A Water Sanitation and Hygiene, (WASH), expert has charged the media to give more attention to sanitation coverage in order to reduce the high level of open defecation among Nigerians.
Mr Bioye Ogunjobi, a WASH Specialist with UNICEF, also tasked journalists to increase reportage on behavioural change among Nigerians through human interest stories on sanitation in order to reverse the ugly trend.
Ogunjobi, made the call in Kano at a 2-day Media Dialogue on Sanitation and hygiene tagged: “Clean Nigeria: Use the Toilet” Campaign organized by the United Nations Children’s Fund, (UNICEF), in collaboration with the Child Rights Information Bureau, (CRIB), Federal Ministry of Information and Culture in Kano.
He explained that the the focus for the Clean Nigeria Campaign movement by UNICEF is to get the 47 million Nigerians to use the toilet and stop open defecation; as well as increase access to improved sanitation, especially in rural communities.
According to him, WASH NORM findings showed that 64 per cent Nigerians have access to basic drinking water, and 42 per cent have access to basic sanitation services, while 24 per cent practice open defecation.
He said that: “20 per cent Nigerians have fixed place for handwashing with soap and water, 6 per cent of schools have basic, gender-sensitive WASH services.

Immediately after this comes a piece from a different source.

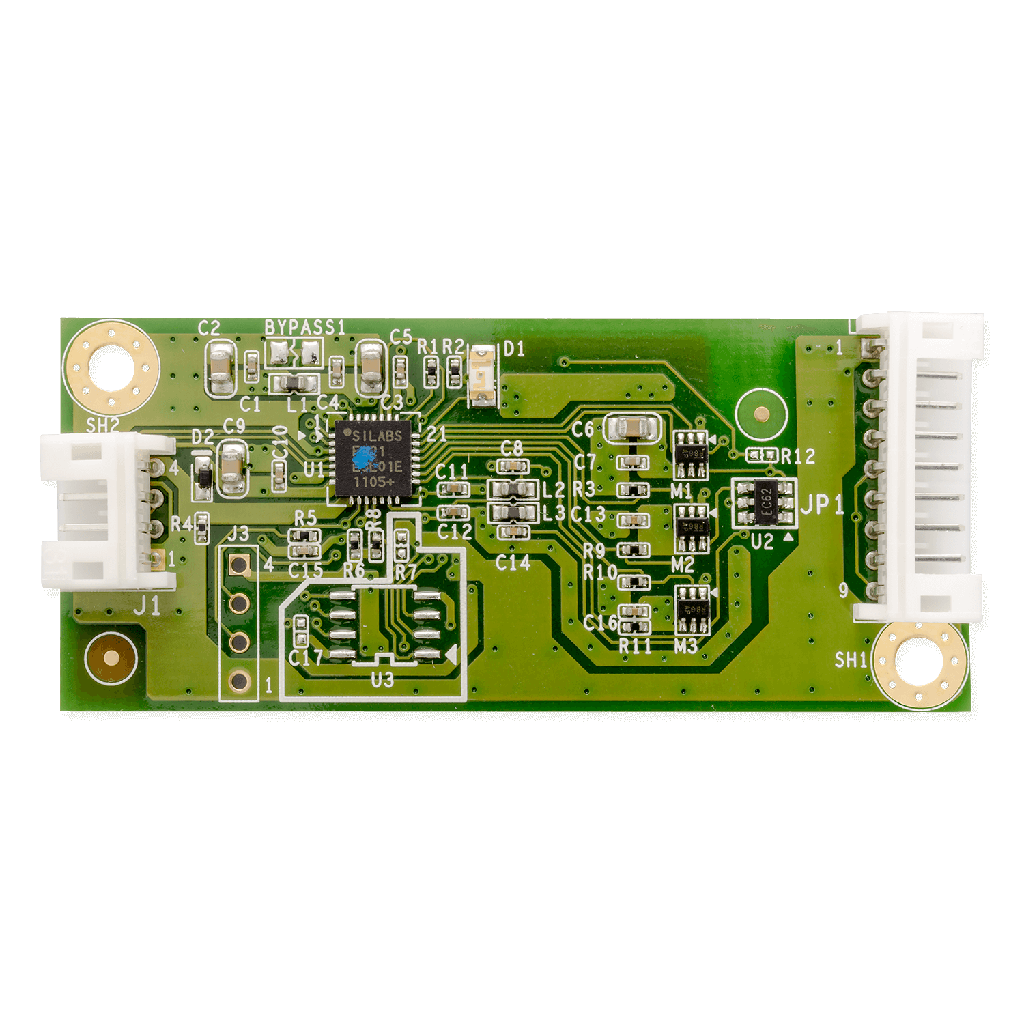 TOUCH CONTROLLER-PM6300A5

While on the other hand: “Only 5 per cent of health facilities have basic, gender-sensitive wash services, 12 per cent markets and Motor parks have basic WASH services, while 11 per cent Nigerians have suffered Diarrhoea in the past 6 weeks, 76 per cent are children under 5,” he added.
Speaking further, Mr Ogunjobi said although concerted efforts were being put in place by governments to reversed the ugly trend and these has seen some communities certified Open Defecation Free, (ODF), by the committee of assessors made up of government at all levels and development partners having fully met the criteria.

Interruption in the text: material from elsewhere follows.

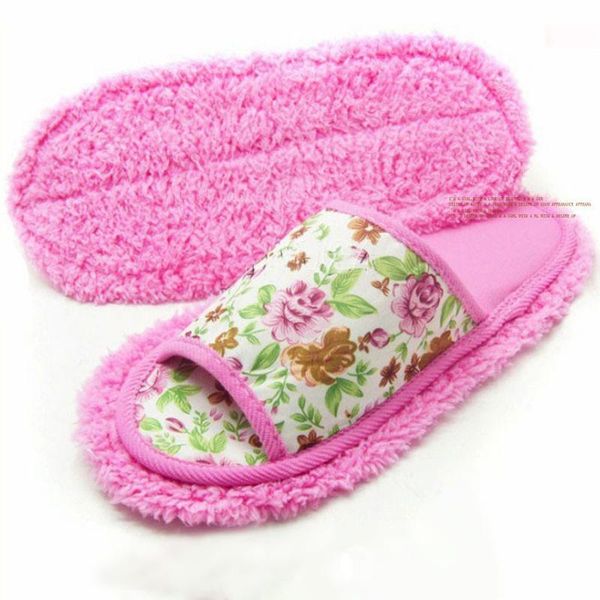 lazy mopping slipper useful product shoe cover mop wipe floor household winter superfine fibre washable men and women cleaning c slippers, Black
lazy mopping slipper useful product shoe cover mop wipe floor household winter superfine fibre washable men and women cleaning c slippers, Black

He gave the number of communities certified as ODF by geopolitical zones with highest from the North-West 9,027; followed by North-East with 3,806 communities.
Others are: North-Central 2003; South-South 1,384; South-West 733; while the South-East came last with 328 communities.
He however said more needed to be done and called for increased budgetary allocation, as well as strong political commitment in leadership at all levels to improve sanitation and end open defecation.
The UNICEF specialist noted there was need for increased and well-targeted WASH funding at all levels, especially for rural areas.
“Increased collaboration amongst development organization’s and civil society organizations working to improve sanitation and end open defecation.
“Increased private sector engagement in the WASH sector through business investment and corporate citizenship/corporate social responsibility. And sanitation and hygiene awareness creation through branding and promotion,” he said.
These efforts are made possible with supports from the Department for International Development, (DFID), and the European Union, (EU).